# GENERAL FORUM > IN THE NEWS >  Seven Years for U.K. Smuggler

## Steroidtimes

Seven Years for U.K. Smuggler 
Seven Years for U.K. Smuggler
JustinEdwards on Dec 22nd, 2010



Thirty-Nine year old Nicholas Aristotelous of Leeds was sentenced to seven years for one of the largest steroid smuggling cases in recent U.K. history. The five year operation of Aristotelous was high run, netting him a life any business man would be envious of and that’s exactly how Aristotelous ran his operation.

Aristotelous ran his £5m importing business from his home in Leeds specializing in human growth hormone , anabolic steroids and a host of other class C drugs. During his trial the court determined Aristotelous was in-fact the mastermind of the operation which included five other men with Aristotelous at the top of the syringe filled pyramid. To give you an idea of the size of Aristotelous’ operation, upon the raid of his home in Leeds, a total of 193,662 tabs of Diazepam were found; all of the tabs were in bottles aptly labeled “Multivitamin.”



Aristotelous had begun to build a small personal empire that was set to go global before his walls came crashing down but after five years of living the high life this business man was brought down in a thunderous roar.

The court further determined that Aristotelous supply was primarily coming from the Far-East, most notably China, a country long associated with black market steroid supplying. Aristotelous regularly flew in and out of China where he made his transfers using his dying grandfathers banking information in order to cover his own tracks. According to Aristotelous, what really set him off was a meeting in 2004 with a Chinese professor who according to Aristotelous supplied the Chinese Olympic Team at the Beijing Olympics.

The war on steroids continues and appears to be getting stronger and stronger. Despite an ever growing infiltration of law enforcement upon the performance enhancing world, the growth of illegal distribution seems to continue to grow just as rapidly. Aristotelous is just another number in a game that seems to have no end in sight.

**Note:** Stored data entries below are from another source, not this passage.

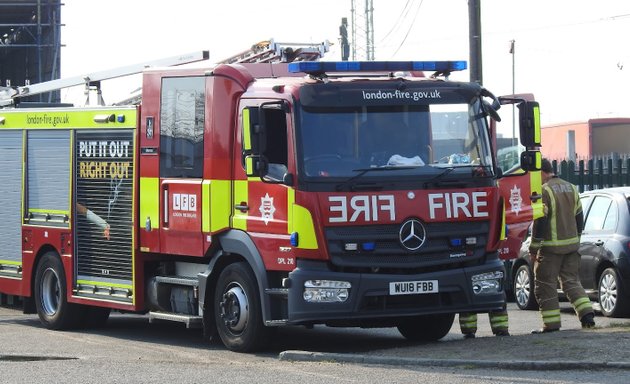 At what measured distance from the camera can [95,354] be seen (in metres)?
13.3

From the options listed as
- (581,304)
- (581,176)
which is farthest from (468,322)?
(581,176)

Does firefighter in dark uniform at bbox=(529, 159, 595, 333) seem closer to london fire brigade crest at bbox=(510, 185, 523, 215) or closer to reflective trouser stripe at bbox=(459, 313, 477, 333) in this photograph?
london fire brigade crest at bbox=(510, 185, 523, 215)

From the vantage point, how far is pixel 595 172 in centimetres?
2523

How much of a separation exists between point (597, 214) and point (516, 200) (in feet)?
11.5

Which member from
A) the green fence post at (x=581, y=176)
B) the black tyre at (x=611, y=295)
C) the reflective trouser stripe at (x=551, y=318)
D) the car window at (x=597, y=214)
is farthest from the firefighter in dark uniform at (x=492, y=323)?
the green fence post at (x=581, y=176)

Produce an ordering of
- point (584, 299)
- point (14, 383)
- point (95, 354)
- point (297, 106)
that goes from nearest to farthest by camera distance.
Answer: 1. point (14, 383)
2. point (297, 106)
3. point (95, 354)
4. point (584, 299)

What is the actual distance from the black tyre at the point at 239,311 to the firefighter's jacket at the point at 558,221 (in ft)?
10.9

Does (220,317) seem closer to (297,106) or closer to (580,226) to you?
(297,106)

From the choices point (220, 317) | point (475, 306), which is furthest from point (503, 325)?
point (220, 317)

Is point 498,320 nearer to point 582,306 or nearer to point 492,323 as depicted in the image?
point 492,323

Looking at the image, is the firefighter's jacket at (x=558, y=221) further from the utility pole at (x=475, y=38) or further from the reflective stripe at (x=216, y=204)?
the utility pole at (x=475, y=38)

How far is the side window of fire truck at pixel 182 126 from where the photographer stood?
13695mm

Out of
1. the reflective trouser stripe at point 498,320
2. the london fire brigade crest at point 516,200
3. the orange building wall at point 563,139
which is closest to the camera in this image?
the reflective trouser stripe at point 498,320

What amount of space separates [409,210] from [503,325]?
2027 millimetres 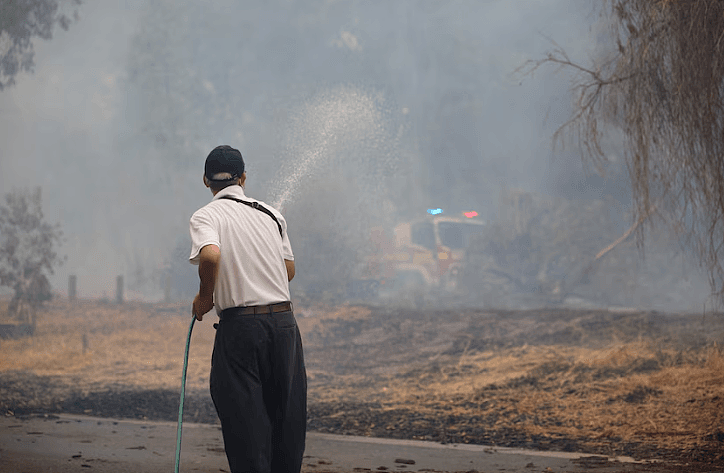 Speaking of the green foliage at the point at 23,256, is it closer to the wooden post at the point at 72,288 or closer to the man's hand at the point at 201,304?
the wooden post at the point at 72,288

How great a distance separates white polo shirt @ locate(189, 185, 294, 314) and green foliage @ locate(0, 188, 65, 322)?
12065 mm

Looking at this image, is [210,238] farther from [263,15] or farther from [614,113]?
[263,15]

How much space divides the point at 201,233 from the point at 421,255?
16207 millimetres

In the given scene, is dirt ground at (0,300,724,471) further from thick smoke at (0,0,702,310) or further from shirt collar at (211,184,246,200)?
shirt collar at (211,184,246,200)

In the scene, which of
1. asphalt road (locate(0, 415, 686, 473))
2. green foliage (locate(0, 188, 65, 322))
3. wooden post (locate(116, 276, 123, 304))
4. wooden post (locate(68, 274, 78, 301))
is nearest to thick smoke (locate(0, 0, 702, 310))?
wooden post (locate(68, 274, 78, 301))

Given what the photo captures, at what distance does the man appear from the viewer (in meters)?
2.76

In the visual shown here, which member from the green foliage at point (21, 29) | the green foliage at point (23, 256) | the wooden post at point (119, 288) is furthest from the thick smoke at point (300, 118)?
the green foliage at point (23, 256)

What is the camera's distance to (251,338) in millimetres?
2787

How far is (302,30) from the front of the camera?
2092cm

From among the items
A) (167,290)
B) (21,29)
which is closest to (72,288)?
(167,290)

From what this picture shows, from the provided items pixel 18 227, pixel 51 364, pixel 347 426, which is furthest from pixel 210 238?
pixel 18 227

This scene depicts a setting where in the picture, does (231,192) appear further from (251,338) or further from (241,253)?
(251,338)

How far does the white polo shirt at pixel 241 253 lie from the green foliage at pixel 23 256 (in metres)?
12.1

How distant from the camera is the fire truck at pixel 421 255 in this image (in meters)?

http://www.steroidtimes.com/seven-ye...-smuggler/2010

----------


## voidofRoids

Isn't this sourced from an Anthony Roberts backed site? Peace.

----------


## dec11

woopy do..........

----------


## Superhero d-bolman

he musta got ****ed on the valium.

----------


## Far from massive

Yeah other than the shameless promotion of another website I really don't see the relevance of this thread to most here. This guy was a major dealer of drugs, steroid and otherwise and a high roller, not a simple cook who got jammed up by accident. If anything it is a promotion of a life of crime, for anyone with no sense of morality, since if he is sentenced to 7 years he will probably be out in 3-5 and if he had any idea how to shelter money should be able to retire quite comfortably on his savings upon his release at 42-45 yrs of age.

----------


## Bonaparte

> Yeah other than the shameless promotion of another website I really don't see the relevance of this thread to most here. This guy was a major dealer of drugs, steroid and otherwise and a high roller, not a simple cook who got jammed up by accident. If anything it is a promotion of a life of crime, for anyone with no sense of morality, since if he is sentenced to 7 years he will probably be out in 3-5 and if he had any idea how to shelter money should be able to retire quite comfortably on his savings upon his release at 42-45 yrs of age.

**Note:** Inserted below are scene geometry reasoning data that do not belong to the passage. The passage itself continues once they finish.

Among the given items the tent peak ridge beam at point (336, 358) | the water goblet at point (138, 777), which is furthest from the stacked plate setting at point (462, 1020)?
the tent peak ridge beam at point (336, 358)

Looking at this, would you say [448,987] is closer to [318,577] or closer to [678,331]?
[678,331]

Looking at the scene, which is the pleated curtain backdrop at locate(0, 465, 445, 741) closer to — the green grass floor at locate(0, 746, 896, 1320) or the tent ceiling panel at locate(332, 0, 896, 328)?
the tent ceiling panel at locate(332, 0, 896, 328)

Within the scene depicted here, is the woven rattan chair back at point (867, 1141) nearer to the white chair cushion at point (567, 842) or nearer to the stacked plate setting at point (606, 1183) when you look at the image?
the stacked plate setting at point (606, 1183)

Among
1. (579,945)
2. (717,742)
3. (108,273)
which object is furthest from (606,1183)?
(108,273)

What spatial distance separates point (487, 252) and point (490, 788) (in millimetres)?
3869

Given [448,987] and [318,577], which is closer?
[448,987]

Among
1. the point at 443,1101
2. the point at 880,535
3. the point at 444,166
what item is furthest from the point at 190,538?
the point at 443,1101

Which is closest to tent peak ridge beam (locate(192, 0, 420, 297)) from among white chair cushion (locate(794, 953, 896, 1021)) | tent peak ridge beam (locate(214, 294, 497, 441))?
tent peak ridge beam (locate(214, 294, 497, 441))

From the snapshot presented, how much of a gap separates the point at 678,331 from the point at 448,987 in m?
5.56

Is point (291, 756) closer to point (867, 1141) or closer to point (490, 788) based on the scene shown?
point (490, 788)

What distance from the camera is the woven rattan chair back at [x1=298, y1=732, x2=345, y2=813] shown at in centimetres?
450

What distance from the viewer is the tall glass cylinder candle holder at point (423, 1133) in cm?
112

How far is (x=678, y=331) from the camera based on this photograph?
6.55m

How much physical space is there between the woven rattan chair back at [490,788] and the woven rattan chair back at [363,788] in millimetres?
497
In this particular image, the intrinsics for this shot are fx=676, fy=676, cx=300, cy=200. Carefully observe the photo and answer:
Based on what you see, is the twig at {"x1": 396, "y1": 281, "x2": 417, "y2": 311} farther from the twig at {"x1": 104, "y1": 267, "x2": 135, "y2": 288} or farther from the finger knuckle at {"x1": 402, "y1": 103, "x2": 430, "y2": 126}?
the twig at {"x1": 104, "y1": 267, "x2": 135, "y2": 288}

Sounds like a plan to me!  :Smilie:

----------


## cro

alot of that s--- going around . there always watching and monitoring even on here

----------


## Steroidtimes

> Isn't this sourced from an Anthony Roberts backed site? Peace.



Nope, steroidtimes.com is backed by steroid .com.

----------


## Steroidtimes

> Yeah other than the shameless promotion of another website I really don't see the relevance of this thread to most here. This guy was a major dealer of drugs, steroid and otherwise and a high roller, not a simple cook who got jammed up by accident. If anything it is a promotion of a life of crime, for anyone with no sense of morality, since if he is sentenced to 7 years he will probably be out in 3-5 and if he had any idea how to shelter money should be able to retire quite comfortably on his savings upon his release at 42-45 yrs of age.

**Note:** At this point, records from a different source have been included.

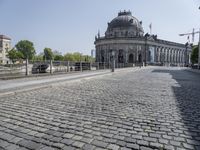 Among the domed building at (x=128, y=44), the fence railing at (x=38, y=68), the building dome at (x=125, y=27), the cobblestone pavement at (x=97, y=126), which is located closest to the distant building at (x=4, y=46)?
the domed building at (x=128, y=44)

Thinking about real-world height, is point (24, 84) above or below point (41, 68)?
below

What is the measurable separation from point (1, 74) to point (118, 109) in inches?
444

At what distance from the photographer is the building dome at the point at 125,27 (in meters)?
99.2

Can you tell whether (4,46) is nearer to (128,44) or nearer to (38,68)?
(128,44)

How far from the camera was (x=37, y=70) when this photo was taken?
59.8 ft

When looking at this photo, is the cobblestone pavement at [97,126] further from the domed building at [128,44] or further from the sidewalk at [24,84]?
the domed building at [128,44]

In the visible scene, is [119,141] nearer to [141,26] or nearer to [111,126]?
[111,126]

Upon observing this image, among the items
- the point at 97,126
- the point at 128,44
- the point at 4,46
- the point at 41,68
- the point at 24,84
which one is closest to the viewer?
the point at 97,126

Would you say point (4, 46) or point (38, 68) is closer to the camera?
point (38, 68)

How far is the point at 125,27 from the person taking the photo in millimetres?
98812

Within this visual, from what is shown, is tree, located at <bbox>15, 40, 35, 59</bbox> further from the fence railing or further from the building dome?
the fence railing

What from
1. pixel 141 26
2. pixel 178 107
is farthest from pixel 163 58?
pixel 178 107

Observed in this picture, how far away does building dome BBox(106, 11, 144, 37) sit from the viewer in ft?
325

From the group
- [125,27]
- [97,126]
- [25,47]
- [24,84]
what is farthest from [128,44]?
[97,126] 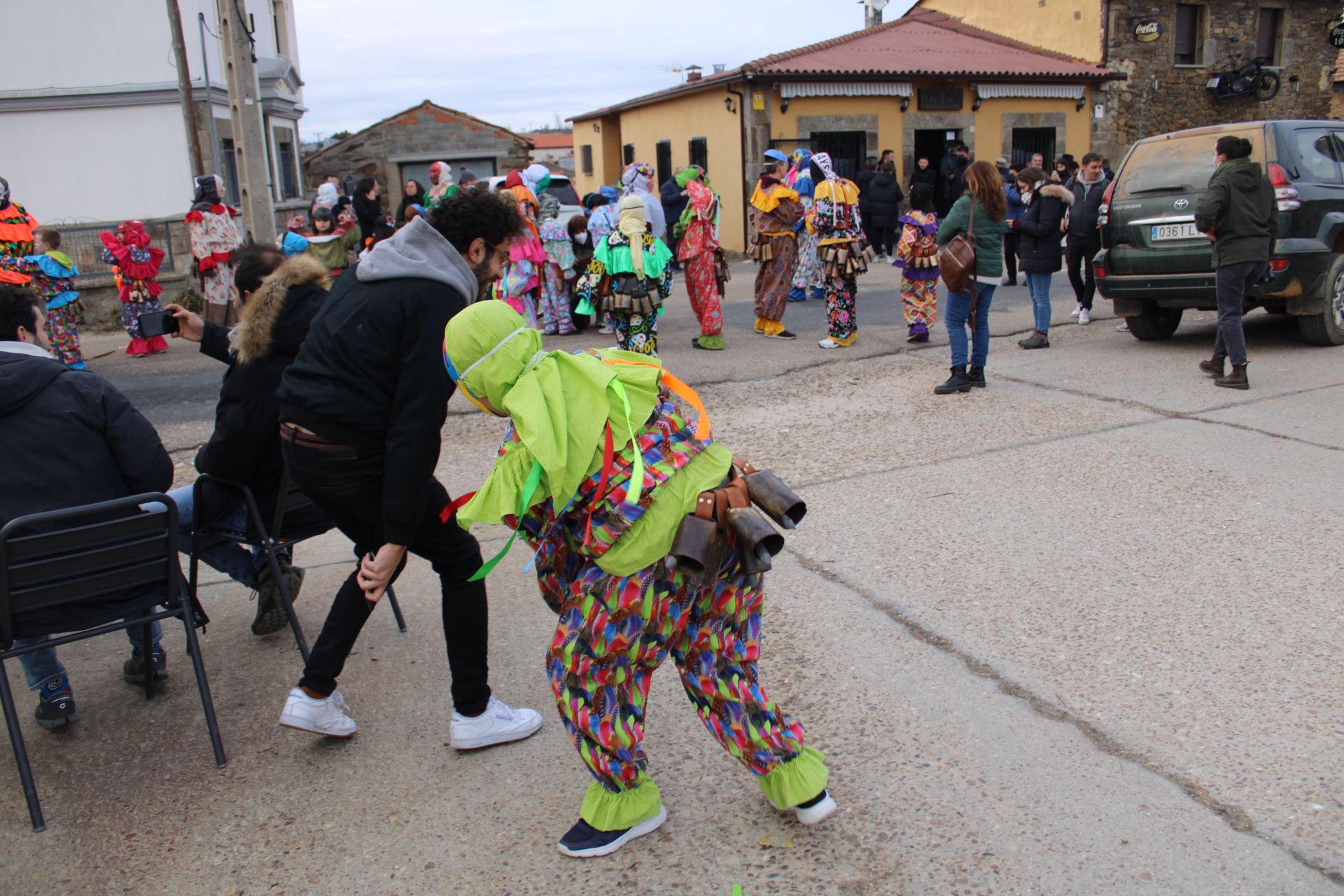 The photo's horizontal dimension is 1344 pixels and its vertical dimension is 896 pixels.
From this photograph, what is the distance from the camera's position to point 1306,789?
2697 mm

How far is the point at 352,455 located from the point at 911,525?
2.87 m

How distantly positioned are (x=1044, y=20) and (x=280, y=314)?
26.1m

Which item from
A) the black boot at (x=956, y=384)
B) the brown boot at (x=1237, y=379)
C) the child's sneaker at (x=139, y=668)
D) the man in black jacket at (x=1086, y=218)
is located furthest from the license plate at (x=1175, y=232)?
the child's sneaker at (x=139, y=668)

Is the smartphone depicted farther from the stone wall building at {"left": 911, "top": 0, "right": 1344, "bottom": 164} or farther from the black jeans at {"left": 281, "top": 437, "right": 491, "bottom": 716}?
the stone wall building at {"left": 911, "top": 0, "right": 1344, "bottom": 164}

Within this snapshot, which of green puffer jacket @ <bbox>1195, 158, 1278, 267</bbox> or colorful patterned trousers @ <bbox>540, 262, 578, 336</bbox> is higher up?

Read above. It's steroid news, relevant to some, not to others...depends on how deep you get into the whole thing. Some guys are simple users, some guys follow all news related...just depends on your flavor.

----------


## DBolNoob

> Read above. It's steroid news, relevant to some, not to others...depends on how deep you get into the whole thing. Some guys are simple users, some guys follow all news related...just depends on your flavor.


Agreed!

----------


## *Admin*

> Isn't this sourced from an Anthony Roberts backed site? Peace.




*The site Steroidtimes.com is now backed by Steroid .com and is no longer associated in any way with Anthony Roberts.


Respect,

*admin**

----------


## Matt

> Yeah other than the shameless promotion of another website I really don't see the relevance of this thread to most here. This guy was a major dealer of drugs, steroid and otherwise and a high roller, not a simple cook who got jammed up by accident. If anything it is a promotion of a life of crime, for anyone with no sense of morality, since if he is sentenced to 7 years he will probably be out in 3-5 and *if he had any idea how to shelter money should be able to retire quite comfortably on his savings upon his release at 42-45 yrs of age*.


Whatever money he made he will have to pay back, doesnt matter how well he hides it...

----------


## voidofRoids

> Nope, steroidtimes.com is backed by steroid.com.





> *The site Steroidtimes.com is now backed by Steroid .com and is no longer associated in any way with Anthony Roberts.
> 
> 
> Respect,
> 
> *admin**


Thank the lord, I love anything supported by steroid.com; y'all have done nothing but treat us well. I'll be looking out for more informative pieces.

----------


## baseline_9

> Thank the lord, I love anything supported by steroid.com; y'all have done nothing but treat us well. I'll be looking out for more informative pieces.


You love 'buy steroids com' ?

----------


## voidofRoids

> You love 'buy steroids com' ?


Shit, got me there - haven't given them a try. Somewhat fearful, but I haven't a clue on the business tbh. In addition, I've heard zero chatter: good or bad.

----------


## Tigershark

Sounds like this guy could have covered his tracks a little better.

----------